MORPETH: Education

Greystoke was outstanding

Friday, 8th April 2016, 5:00 am

Having been born, educated, worked and lived all my life in Morpeth, I enjoy reading articles in the Morpeth Herald about the history of the town.

I am now of an age that what is written is often what I actually remember.

Roger Hawkins’ recent article mentioned Greystoke Preparatory School, the last private school in the town.

This is the first time I have ever come across the school being mentioned in an article.

His reference that the school served the middle classes of the town who did not want their children to go to the ordinary schools was a little unkind to those parents who are still alive (of whom my mother is one of them) who sent their children to Greystoke.

We have to go back to what life was like in the 1950s if you were a child.

At 11 you sat the 11-plus and that very much determined your future for the rest of your life. If you passed you went to the grammar school, if you failed to the secondary modern school.

A place at the grammar was very much a passport to success.

Parents who sent their children to Greystoke were not doing so, as Roger suggests, because they did not want their children to go to ordinary schools, they were doing so to give their children their best chance in life.

Many of the parents who sent their children to Greystoke were not wealthy, but were prepared to make considerable sacrifices to get their children educated.

At the time I was at Greystoke we lived in a council house, 12 Spelvit Lane, Morpeth, my father worked full-time and had another part-time job, most women were housewives, but my mother went out to work, we had no holidays, apart from staying with a relative in Sussex each year. We had no motor car.

My parents did what they did to ensure I was educated.

Greystoke was an outstanding school. The headmaster was William Charlton, he made sure all pupils were smartly dressed, well mannered and polite.

I remember being told if I was on a bus and a lady was standing you must give her your seat.

The education was of a very high standard and most of his pupils passed the 11-plus.

There was a great emphasis on the basics of reading, writing and maths. I have always been able to spell correctly, punctuate, and do mental arithmetic and I put this all down to Greystoke.

I remember Miss Willis taking us for music, each week the whole school would form a choir, and we held a carol service at St James’ Church each year.
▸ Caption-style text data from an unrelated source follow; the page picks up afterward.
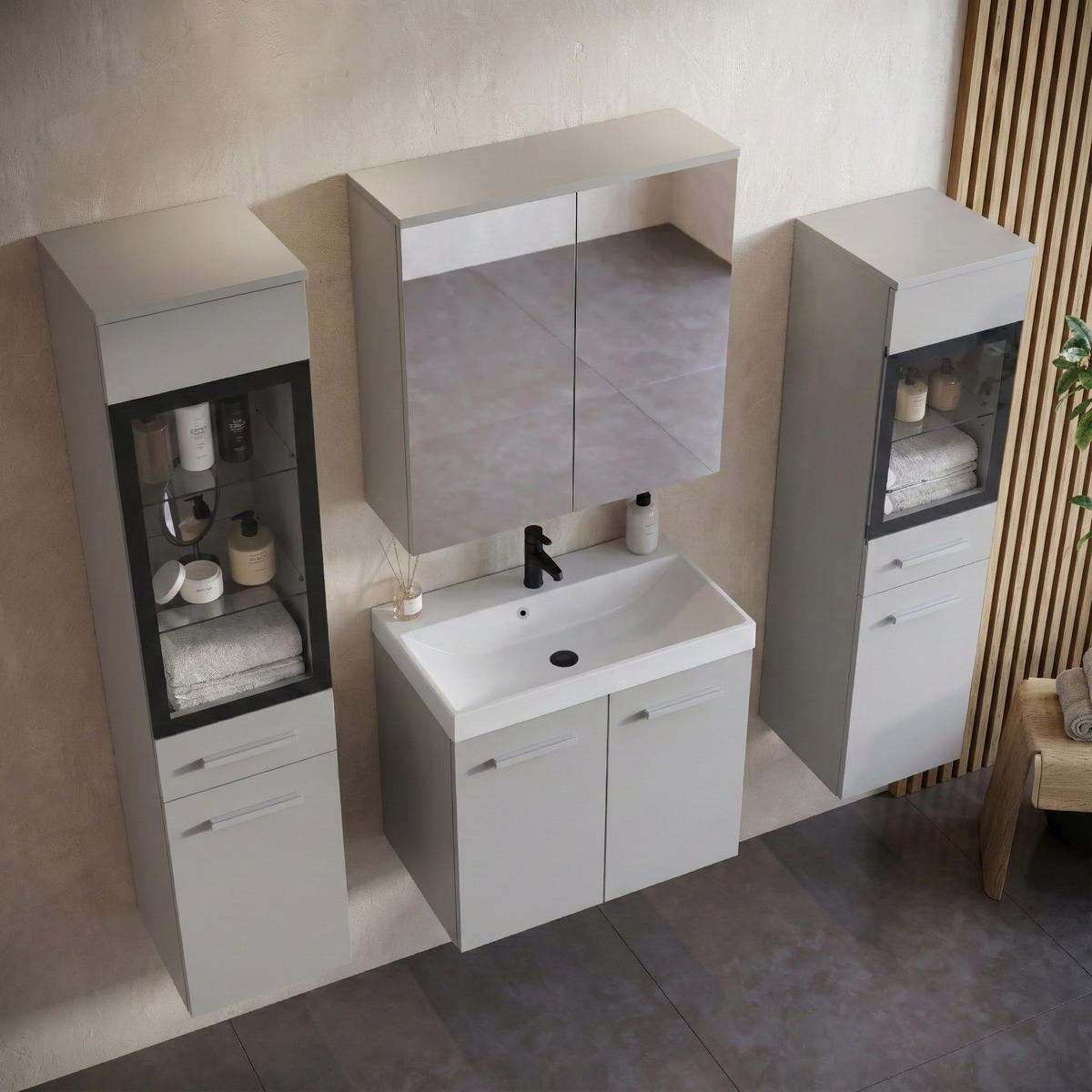 BADMÖBEL-SET Mirano 5 Teile Grau Matt - 60 x 35 x 51 cm - Grau, Holz (60/47/35cm) - Badplaats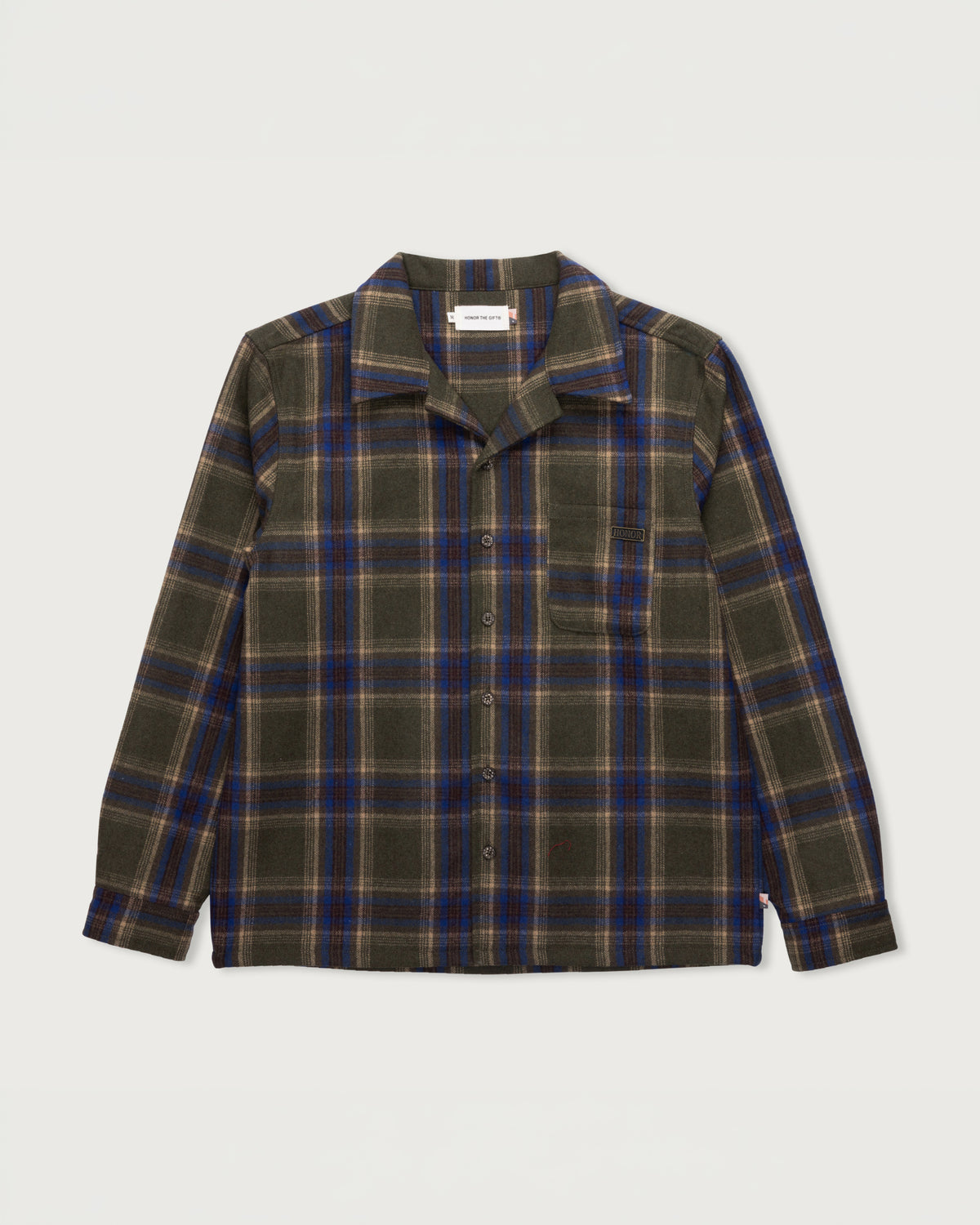 Plaid Flannel Overshirt - Olive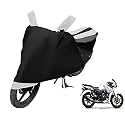 Euro Care Bike Cover Compatible with Apache RTR 180 with Mirror Pocket,Dustproof, Windproof, Belt Buckle, Apache RTR 180 Bike Cover- Black-White - 1 Unit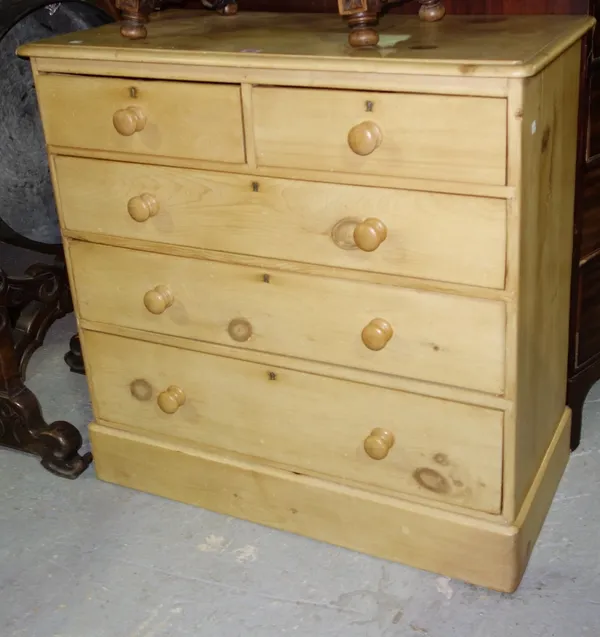 A 19th century pine chest of two short and three long drawers, 85cm.
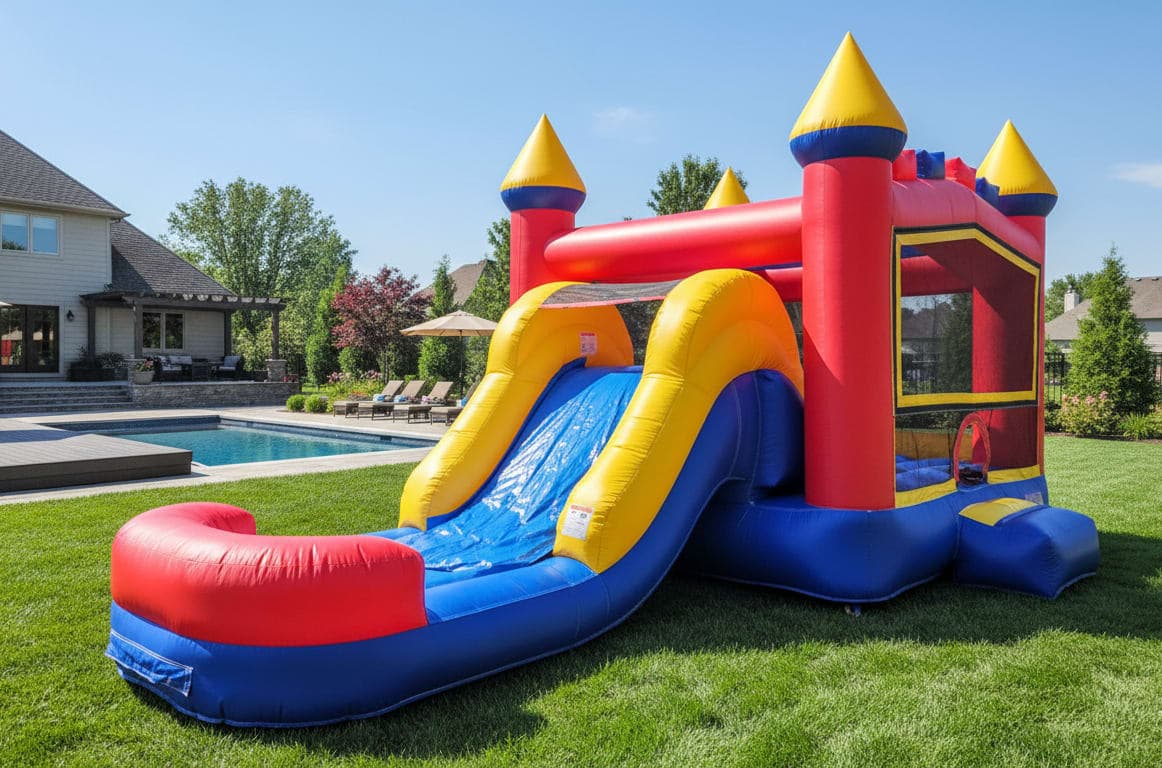 Multicolor Single Lane Slide & Bounce Combo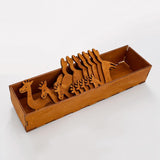 Wooden Animal Bobbin Set Wood Lightweight Embroidery Thread Storage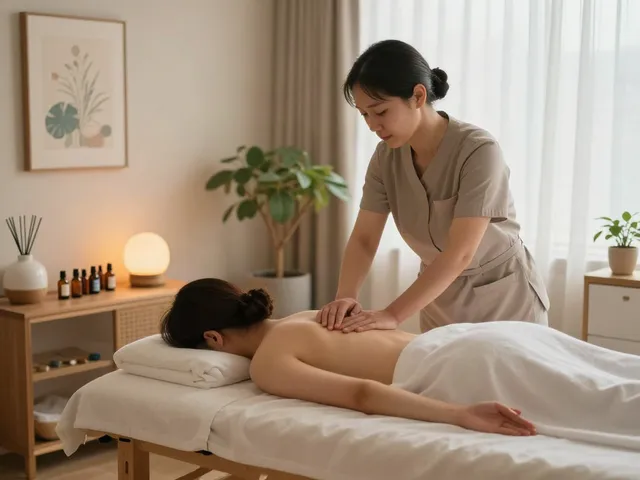 Relaxing 인천출장마사지 therapy session in a serene environment with soft lighting and calming decor.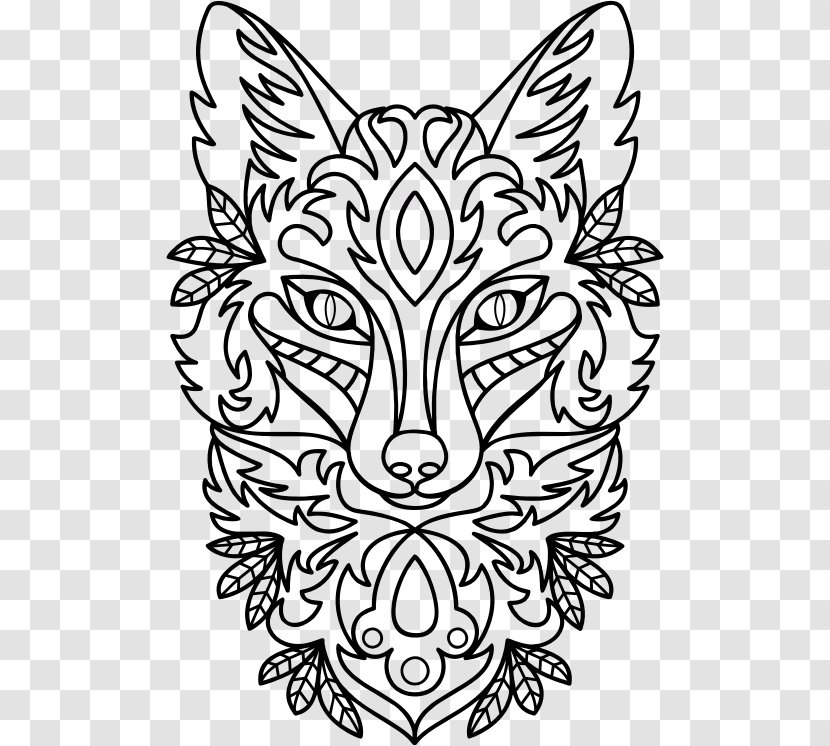 Drawing Line Art Fox - Fictional Character - Draw Transparent PNG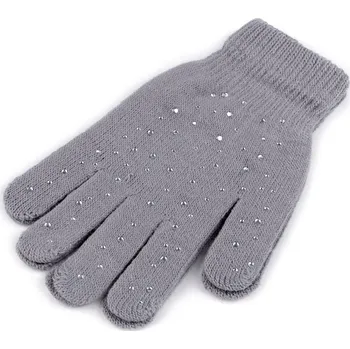 Rukavice Dámské / dívčí pletené rukavice s kamínky - 3 šedá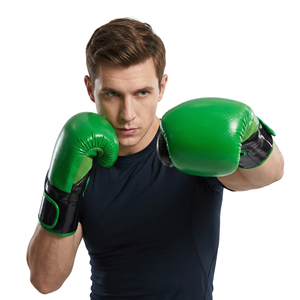 <b>Green</b> <b>Black</b> Boxing Gloves Leather Velcro Wrist Strap Breathable Martial Arts Training Gear for Adults - Product Image 6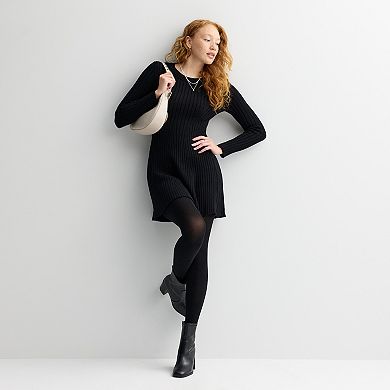 Juniors' Rewind Rib Knit Sweater Dress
While I was at Greystoke we all had friends who were going to ‘other schools’ in Morpeth, and some have remained friends with me throughout my life.

I went on to King Edward VI Grammar School, Morpeth, Newcastle University where I read law, and then qualified as a solicitor. I have practised as a solicitor in Morpeth since 1975.

I owe everything I have achieved in my life to my parents, the excellent education I received from the two schools I attended in Morpeth and Newcastle University.